竹橋の国立近代美術館のコレクション展を観にいった。

彫刻、掛軸、屏風絵、版画、水墨画といった、ぼくがこれまで親しんでこなかったカテゴリから、近代日本の芸術家たちの試みの粋がいちどうに集められて、ぼくは刺激的な時間を過ごした。

ピエール・ボナールとかパウル・クレーとかフランシス・ベーコンの作品もあって、しかもほとんど観客のいない空間で鑑賞できるのはぜいたくなことであるけれども、ドメスティックな作家の仕事をおおく眺められたことはそれよりもうれしい。オルハン・パムクの小説をこのごろ読んでいることが、西洋文化の移入をどのように叶えるかという問題意識を前景において眺めるモードにさせていたかとおもう。

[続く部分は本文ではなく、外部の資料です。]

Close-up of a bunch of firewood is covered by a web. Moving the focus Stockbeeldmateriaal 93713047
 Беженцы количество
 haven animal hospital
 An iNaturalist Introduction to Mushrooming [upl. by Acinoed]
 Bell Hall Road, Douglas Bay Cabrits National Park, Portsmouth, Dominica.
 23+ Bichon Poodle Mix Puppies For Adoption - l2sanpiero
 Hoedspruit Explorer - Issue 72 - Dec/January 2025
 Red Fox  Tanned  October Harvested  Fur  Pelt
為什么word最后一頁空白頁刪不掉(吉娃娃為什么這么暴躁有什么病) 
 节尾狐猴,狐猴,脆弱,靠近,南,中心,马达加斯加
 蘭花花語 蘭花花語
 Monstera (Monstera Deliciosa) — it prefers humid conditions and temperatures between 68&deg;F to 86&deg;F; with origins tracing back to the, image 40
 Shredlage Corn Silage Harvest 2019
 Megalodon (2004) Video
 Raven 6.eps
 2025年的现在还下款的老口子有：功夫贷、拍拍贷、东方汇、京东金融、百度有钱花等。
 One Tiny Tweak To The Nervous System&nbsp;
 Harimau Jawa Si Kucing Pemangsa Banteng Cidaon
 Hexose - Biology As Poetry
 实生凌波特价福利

長く関心を奪われた作家と作品の近くでとったメモをこれより下に残しておく。

米原雲海「清宵

まるっこい肉体、筋肉の未発達、厚ぼったいまぶた、細い目。乳臭さの残る子供のイメージはたしかにそこにありながら、80cmばかりのちいさな人間の立ち上がる姿には、芸術のひらめきがおとずれる瞬間のよろこびが活写されている。美をかこむよろこびに、大人と子どもの区別はたしかに意味をなさない。

豊かな衣装をまりのようにからだのまわりに膨らませているから、ペンを持った右手を胸の前に差し上げると、風の重さを感じさせる。垂らした左手にはページの束を握っている。これも風に乱れそうであるが、ばたばたと吹くとあまった袖が風を包んで暴れるだろうから、穏やかな風しか吹かないようだ。静かな気候である。

視線の一途さ。月の美に囚われている目というよりも、美の底にある宇宙のはかりしれなさに忘我する目。しかし忘我から還って、それを芸術に転写する目でもある。若い想像力に芸術の真髄をほのめかすのは、ロマン主義をふまえているようにおもわれる。しかしメッセージ性は強くなく、ただそこに美しい彫刻が立っているというつつましさも好ましい。

平櫛田中永寿清頌

痩せ型で長身の老いた男性の彫刻である。茶人帽と地面すれすれの長羽織で全身を黒で包んで、死装束のようにみえる。肌は白く、髪も白い。杖をついて体重をささえている。頬の肉はたるみはじめているが、化粧によって押し戻してもいるようだ。肌の白さと口紅をさしたように鮮やかな唇の対比が、やはり死をおもわせる。葬儀の夜に幻となってあらわれた死者のような姿だ。口角をあげて、目こそ笑わないが、なにかを試すような表情で、遠くをみつめて、物言わない。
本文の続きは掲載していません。